Corner 3 is the lower-left corner and corner 4 is the lower-right corner. These two corners are used for an analysis of the necessity of the presence/high level of x (corner = 3 ) or the absence/low level if x (corner = 4) for the absence/low level of y, respectively.
By default the upper left corner is analysed for all conditions and corner is not defined. If corner is defined, flip.x and flip.y are ignored.

Scope
By default, the theoretical scope is not defined and the empirical scope is used based on the minimum and maximum observed values of x and y.

Value

Returns a list of 6 items (see examples for further explanation):

plots

A list of plot-data for each x-y combination

summaries

A list of dataframes with the summaries for each x-y combination

bottlenecks

A list of dataframes with a bottleneck table for each ceiling technique

peers

A list of ceilings, with a list of peers for each condition. Peers are corner points of the CE-FDH ceiling line (e.g., the northwest-corners points for corner = 1)

tests

The results of the test for each condition (not human friendly, use nca_output)

test.time

The total time needed to run the tests for all conditions

Examples

# Load the data
data(nca.example)
data <- nca.example

# Basic NCA analysis, with conditions in the first 2 columns
# and the outcome in the third column
model <- nca_analysis(data, c(1, 2), 3)

# Use nca_output to show the summaries (see nca_output documentation for more options)
nca_output(model)

# Columns can be selected by name as well
model <- nca_analysis(data, c('Individualism', 'Risk taking'), 'Innovation performance')

# Define the ceiling techniques via the ceilings parameter, see 'ceilings' for all types
model <- nca_analysis(data, c(1, 2), 3, ceilings=c('ce_fdh', 'ce_vrs'))

# These are the available ceiling techniques
print(ceilings)

# Define a custom ceiling line by providing the custom parameter, pairs of intercept-slope
model <- nca_analysis(data, c(1, 2), 3, custom=c(0, 1, 0, 2))

# If a single pair is provided, it will be used for all conditions
model <- nca_analysis(data, c(1, 2), 3, custom=c(0, 1))
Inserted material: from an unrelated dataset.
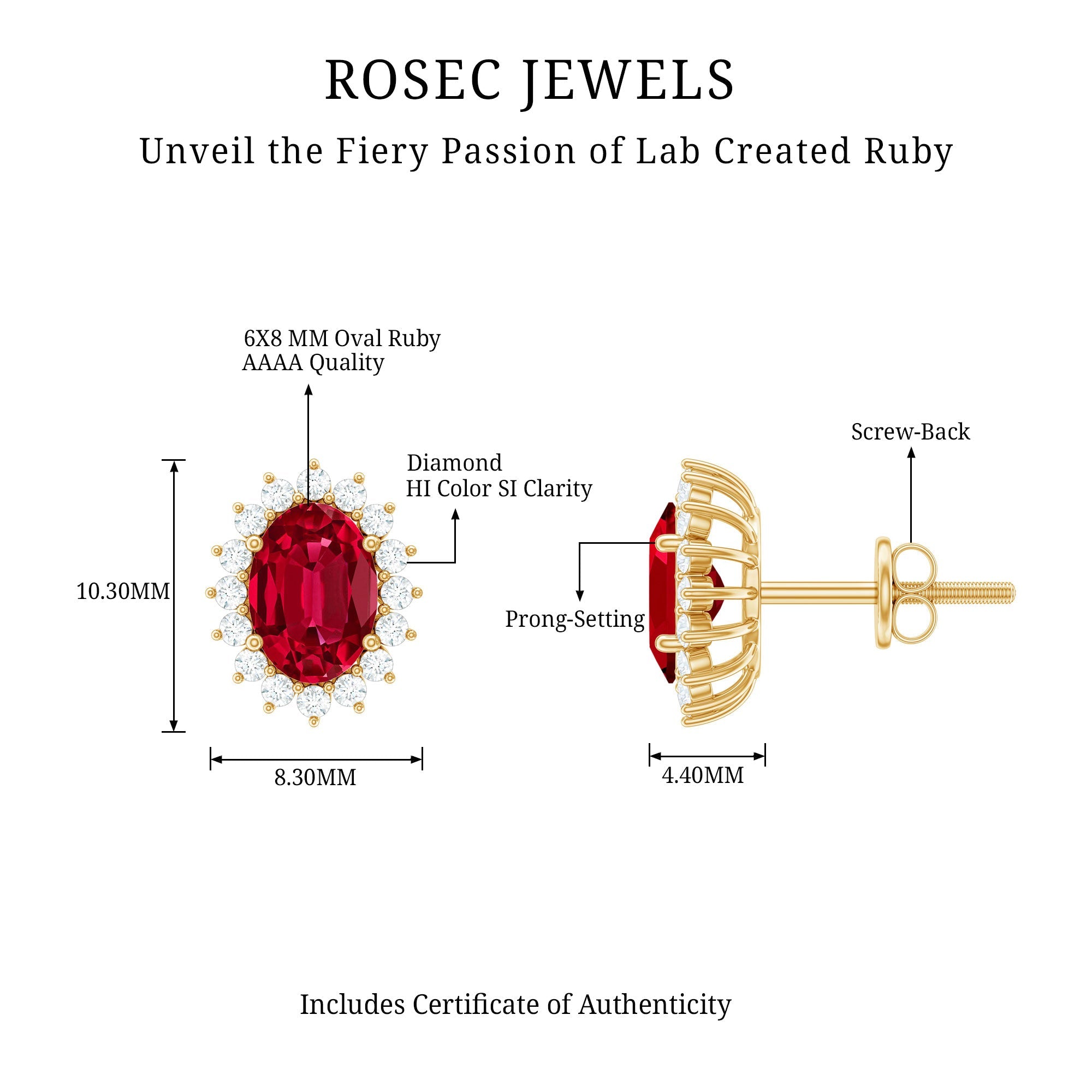 2.5 CT Oval Cut Created Ruby Statement Stud Earrings with Diamond Halo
# By default, the upper-left corner is analysed. With the corner argument for each
# condition a different corner can be selected. Select corner 1 or 2
# for an analysis of necessary conditions for the presence/high level of the
# outcome, and corner 3 or 4 for an analysis of necessary conditions for
# the absence/low level of the outcome. It is not possible to combine
# corner 1 or 2 with corner 3 or 4 in the same analysis as different outcomes are analysed.
# This analyses the upper right corner for the first condition
# and the upper left corner for the second condition:
model <- nca_analysis(data, c(1, 2), 3, corner=c(2, 1))

# Alternatively, for using the upper right corner(s), 'flip' the x variables
model <- nca_analysis(data, c(1, 2), 3, flip.x=TRUE)

# It is also possible to flip a single x variable
model <- nca_analysis(data, c(1, 2), 3, flip.x=c(TRUE, FALSE))

# Flip the y variable if the lower corners need analysing
model <- nca_analysis(data, c(1, 2), 3, flip.x=c(TRUE, FALSE), flip.y=TRUE)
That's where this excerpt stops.